_Source data_
== Segment start ==

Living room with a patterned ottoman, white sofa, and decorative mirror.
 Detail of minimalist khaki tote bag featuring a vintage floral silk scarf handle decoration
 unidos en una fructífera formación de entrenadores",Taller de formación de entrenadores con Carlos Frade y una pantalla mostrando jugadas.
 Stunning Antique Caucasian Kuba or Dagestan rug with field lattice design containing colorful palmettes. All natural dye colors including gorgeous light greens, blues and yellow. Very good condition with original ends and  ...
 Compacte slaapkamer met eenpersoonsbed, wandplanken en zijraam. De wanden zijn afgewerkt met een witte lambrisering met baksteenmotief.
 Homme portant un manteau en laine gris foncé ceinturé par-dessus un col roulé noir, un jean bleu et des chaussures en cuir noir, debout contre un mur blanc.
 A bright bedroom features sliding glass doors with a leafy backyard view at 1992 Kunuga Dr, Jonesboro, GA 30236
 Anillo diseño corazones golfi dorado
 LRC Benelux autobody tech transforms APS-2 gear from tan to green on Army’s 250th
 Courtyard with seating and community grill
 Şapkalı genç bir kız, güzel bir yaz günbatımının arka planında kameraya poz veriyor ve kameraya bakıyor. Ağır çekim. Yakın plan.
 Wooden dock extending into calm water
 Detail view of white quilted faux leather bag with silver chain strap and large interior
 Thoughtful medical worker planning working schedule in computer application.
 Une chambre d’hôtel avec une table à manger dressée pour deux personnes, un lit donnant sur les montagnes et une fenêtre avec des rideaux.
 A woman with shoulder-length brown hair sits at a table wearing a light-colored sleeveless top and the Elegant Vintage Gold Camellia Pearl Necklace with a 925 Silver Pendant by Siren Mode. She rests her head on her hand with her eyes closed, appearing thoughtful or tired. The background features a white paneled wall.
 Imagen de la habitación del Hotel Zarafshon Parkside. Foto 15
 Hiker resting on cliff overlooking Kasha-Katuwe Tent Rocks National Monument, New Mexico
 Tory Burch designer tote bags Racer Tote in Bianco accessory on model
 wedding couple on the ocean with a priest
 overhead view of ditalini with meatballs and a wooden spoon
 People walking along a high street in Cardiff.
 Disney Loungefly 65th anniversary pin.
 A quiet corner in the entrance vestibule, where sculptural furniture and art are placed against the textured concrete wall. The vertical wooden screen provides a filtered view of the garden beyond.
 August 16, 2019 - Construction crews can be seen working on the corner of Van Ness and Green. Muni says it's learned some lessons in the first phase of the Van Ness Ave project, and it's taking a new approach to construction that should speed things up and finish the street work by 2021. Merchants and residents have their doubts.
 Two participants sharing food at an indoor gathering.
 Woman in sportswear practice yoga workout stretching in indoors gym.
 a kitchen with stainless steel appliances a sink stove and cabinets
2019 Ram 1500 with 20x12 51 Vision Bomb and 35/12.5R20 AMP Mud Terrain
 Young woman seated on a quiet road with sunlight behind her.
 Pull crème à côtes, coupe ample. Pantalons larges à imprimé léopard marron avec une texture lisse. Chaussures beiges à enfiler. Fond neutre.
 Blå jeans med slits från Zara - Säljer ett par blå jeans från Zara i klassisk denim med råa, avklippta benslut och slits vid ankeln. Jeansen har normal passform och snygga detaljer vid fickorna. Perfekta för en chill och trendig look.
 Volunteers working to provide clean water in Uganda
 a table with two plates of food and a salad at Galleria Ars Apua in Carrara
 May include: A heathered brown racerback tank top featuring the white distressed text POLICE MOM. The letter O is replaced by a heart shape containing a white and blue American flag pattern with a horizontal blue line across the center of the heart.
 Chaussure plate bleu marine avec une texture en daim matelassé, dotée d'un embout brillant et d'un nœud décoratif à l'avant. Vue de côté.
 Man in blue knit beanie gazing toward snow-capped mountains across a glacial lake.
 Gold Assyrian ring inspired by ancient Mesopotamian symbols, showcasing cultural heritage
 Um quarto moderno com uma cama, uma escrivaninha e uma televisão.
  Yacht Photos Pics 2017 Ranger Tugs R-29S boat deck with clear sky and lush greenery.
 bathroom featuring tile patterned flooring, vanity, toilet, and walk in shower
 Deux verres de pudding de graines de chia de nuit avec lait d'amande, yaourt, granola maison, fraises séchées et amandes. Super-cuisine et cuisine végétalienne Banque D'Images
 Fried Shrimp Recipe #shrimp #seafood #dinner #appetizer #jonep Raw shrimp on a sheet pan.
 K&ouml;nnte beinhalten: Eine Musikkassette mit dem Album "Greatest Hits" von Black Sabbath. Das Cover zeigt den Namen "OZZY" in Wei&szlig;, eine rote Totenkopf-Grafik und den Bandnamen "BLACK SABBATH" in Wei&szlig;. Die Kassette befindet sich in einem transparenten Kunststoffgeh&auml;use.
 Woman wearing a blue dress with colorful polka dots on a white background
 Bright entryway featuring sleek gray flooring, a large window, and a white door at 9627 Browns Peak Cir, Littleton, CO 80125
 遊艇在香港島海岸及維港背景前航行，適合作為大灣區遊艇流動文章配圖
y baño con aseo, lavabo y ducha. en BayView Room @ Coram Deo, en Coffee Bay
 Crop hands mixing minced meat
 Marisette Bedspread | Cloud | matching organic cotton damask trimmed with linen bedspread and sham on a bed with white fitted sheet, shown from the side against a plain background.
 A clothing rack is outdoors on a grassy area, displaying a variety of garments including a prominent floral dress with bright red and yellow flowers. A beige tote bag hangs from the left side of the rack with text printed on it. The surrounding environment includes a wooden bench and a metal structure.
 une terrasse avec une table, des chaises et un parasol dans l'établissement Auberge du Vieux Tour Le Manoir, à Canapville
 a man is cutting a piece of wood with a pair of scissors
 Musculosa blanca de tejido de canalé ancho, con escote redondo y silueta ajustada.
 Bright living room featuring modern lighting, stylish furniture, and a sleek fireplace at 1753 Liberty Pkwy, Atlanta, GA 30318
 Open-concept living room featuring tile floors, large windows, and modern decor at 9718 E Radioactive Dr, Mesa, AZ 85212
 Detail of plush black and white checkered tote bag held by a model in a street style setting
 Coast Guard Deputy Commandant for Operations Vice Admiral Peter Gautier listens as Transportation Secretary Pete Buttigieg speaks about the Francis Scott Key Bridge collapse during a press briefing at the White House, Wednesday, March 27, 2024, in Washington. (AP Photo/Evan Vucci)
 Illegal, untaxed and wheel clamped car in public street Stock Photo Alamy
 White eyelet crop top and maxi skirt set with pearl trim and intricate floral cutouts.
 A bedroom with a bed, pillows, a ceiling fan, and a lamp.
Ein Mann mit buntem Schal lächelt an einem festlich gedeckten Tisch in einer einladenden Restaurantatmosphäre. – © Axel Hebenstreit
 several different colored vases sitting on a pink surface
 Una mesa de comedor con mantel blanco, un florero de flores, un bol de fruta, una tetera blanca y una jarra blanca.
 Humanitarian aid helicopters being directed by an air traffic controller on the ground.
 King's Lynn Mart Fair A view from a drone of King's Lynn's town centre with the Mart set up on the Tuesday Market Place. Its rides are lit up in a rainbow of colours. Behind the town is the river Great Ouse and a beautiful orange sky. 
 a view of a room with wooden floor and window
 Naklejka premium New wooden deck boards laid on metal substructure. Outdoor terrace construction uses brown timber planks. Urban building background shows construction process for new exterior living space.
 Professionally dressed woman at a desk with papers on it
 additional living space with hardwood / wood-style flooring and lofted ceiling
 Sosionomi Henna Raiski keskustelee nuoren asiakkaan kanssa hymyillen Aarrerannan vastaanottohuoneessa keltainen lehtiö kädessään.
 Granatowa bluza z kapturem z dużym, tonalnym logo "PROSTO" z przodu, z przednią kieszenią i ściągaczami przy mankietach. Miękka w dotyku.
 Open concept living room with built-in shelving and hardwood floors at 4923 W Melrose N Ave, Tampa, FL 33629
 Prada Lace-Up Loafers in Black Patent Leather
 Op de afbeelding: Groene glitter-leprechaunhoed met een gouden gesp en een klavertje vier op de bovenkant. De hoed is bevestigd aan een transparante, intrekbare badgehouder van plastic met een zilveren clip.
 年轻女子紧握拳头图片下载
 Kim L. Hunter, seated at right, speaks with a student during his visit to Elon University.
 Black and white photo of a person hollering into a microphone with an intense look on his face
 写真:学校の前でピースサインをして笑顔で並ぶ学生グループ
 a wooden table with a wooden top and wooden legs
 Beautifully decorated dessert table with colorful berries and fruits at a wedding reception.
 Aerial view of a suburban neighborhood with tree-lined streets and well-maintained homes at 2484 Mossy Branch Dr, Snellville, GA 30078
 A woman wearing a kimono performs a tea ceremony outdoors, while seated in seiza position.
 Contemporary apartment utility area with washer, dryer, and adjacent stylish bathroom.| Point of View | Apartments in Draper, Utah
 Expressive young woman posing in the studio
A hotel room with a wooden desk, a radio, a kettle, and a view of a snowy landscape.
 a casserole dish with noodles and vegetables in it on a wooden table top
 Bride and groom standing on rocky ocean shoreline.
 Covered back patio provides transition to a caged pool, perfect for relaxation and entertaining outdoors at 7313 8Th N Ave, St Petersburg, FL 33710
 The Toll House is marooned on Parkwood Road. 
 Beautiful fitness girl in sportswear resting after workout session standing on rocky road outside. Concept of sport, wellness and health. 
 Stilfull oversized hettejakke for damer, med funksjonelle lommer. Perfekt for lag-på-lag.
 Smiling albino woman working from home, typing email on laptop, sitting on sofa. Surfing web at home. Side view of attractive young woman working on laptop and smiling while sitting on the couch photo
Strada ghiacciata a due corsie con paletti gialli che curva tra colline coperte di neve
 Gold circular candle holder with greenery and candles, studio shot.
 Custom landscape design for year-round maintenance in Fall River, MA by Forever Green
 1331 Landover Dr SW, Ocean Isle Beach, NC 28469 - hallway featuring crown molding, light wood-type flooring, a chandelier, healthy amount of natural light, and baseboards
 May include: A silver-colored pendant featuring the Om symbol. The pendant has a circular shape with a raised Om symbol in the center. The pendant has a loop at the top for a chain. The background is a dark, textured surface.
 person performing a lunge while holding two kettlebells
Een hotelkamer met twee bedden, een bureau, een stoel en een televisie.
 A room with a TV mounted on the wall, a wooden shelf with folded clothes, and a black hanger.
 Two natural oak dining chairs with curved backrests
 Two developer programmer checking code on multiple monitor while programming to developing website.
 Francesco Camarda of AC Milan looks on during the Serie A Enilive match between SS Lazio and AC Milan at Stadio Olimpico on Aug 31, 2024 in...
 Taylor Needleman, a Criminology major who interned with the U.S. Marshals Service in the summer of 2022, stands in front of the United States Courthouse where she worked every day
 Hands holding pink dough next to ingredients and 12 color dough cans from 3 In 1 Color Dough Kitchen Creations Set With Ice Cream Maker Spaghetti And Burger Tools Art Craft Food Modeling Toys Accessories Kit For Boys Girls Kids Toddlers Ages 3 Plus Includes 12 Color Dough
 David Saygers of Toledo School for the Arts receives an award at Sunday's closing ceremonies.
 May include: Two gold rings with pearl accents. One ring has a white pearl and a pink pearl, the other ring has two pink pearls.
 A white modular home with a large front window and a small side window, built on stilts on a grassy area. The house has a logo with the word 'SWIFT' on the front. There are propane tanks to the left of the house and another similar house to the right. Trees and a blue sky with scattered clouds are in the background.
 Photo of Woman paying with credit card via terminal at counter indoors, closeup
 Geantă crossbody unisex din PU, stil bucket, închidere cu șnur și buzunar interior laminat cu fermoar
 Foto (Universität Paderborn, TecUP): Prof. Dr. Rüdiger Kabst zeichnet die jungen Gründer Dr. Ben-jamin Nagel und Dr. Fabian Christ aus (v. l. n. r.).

== Segment end ==

_Work request_
Only a number is wanted here: the count of lines in the data that include the word "across".

_Task response_
2